Gray Matter (2023) Review
Do you remember a reality show called Project Greenlight? Filmmakers would vie to get their films approved and the show would document the filming. The only film it produced that I remember was Feast. But somebody must have liked it because it’s been rebooted as Project Greenlight: A New Generation and Gray Matter is the first film the new version has spawned.
Ayla (Jessica Frances Dukes, Organ Trail, Ozark) is planting bombs on a building when one of her co-conspirators pleads with her to wait, but before that can go any farther the cops show up. After a brief chase, they’re cornered and Alya suddenly reveals she has telekinetic powers and kills the cops. That’s followed by text giving us the definition of Psionic, a person with psychic abilities. We’re also told their existence remains a secret.

Fifteen years later Ayla is still in hiding, she also has a 16-year-old daughter Aurora (Mia Isaac, Don’t Make Me Go, Not OK) who has inherited her mother’s powers. Her mother keeps her out of sight, homeschooling her, teaching her to use her powers, and forbidding her to leave the house or make friends. Of course that isn’t going to stop a teen, and she sneaks out only to very publicly lose control of her powers.
This attracts the attention of Derek (Garret Dillahunt, Army of the Dead, Braven), who happens to be a government agent and she ends up in what he claims is a “school for young people like herself”place designed for people like us”. But you’ll be excused if you don’t believe he’s the next Professor X, even if he has a shaved head.
If this sounds like a mashup of The X-Men, Firestarter, and Carrie you’re not far wrong. Gray Matter feels like the results of a focus group study on creating a superhero franchise. There’s the troubled teen with mysterious powers, her parent with similar powers and a dark past, and mysterious government agents with hidden agendas toward those with powers. And to cap it all off, there’s some hidden history between Ayla and Derek.

Not only is Gray Matter pure, generic Superheroine Origins 101, but it’s also slow, lifeless, and fairly predictable. Aurora proves smarter than the folks running the institution, her mother searches for her, and Derek turns out to be less benevolent than he appears. We’ve seen, and read, it all before.
Apart from the by the numbers plotting, Gray Matters also suffers from another major issue with its script, this one centring around Ayla and her relationship with her daughter. We’re not given any real reason why she was trying to blow up the building, or why she killed those people until literally the closing minutes of the film. That makes it hard to sympathize with her on any level and makes her daughter’s defence of her seem off as well.
The way she treats her daughter, constantly moving, and keeping her isolated with no friends or contacts besides her is also shitty. It’s the same as one of the biggest problems I had with Hellbender, it looks more like a trafficker and their victim than a mother/daughter relationship. And then in both cases the mothers freak when the girl disobeys them out of a sheer need for human contact. Maybe if they had been honest with their daughters and told them the truth of the situation things wouldn’t have gone the way they did in either film.
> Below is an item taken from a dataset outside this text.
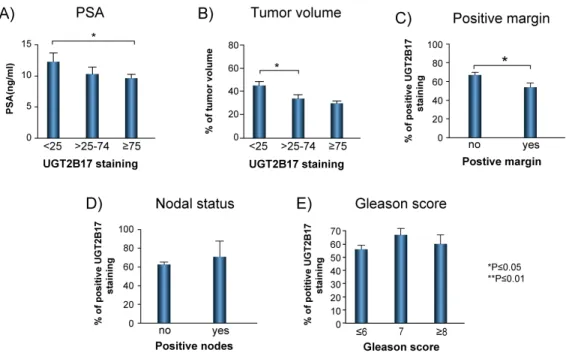 Figure  3.  Associations  between  UGT2B17  tumor  staining  and  clinical  and  pathological  prognostic  factors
I haven’t seen the new version of Project Greenlight yet, but from what I’ve read there were problems getting rewrites done on the script as it was going into production. That’s certainly a common enough problem, but one would think, if you got a chance like this you would be making the most of it. But director Meko Winbush, making her first feature after a couple of shorts, and writer Philip Gelatt (The Spine of the Night, They Remain) come up well short, and it would have taken more than a few rewrites to fix the problems with Gray Matter’s script.
The result while not as horrible as it could have been is a dull slog that makes eighty-seven minutes seem like twice as long. Maybe it should have been worse, then I might at least have gotten some unintentional laughs out of it.
Gray Matter and Project Greenlight: A New Generation are available to stream on Max where available. If you’re looking for something similar, but hopefully better, FilmTagger can suggest a few titles.
I thought it was excellent and you denoted a good mash up
It would have been a good mashup if it had been done better, glad you liked it though.
Wish it was a tv show..
I want a sequel!! Stop trashing movies and shows about what we want!!!! Gifted people are ALWAYS going to be hit movies with the people that enjoy that genre!!!! MORE PLEASE!!!! Listen to the people who want these movies and not ones that get paid to bitch about them!!!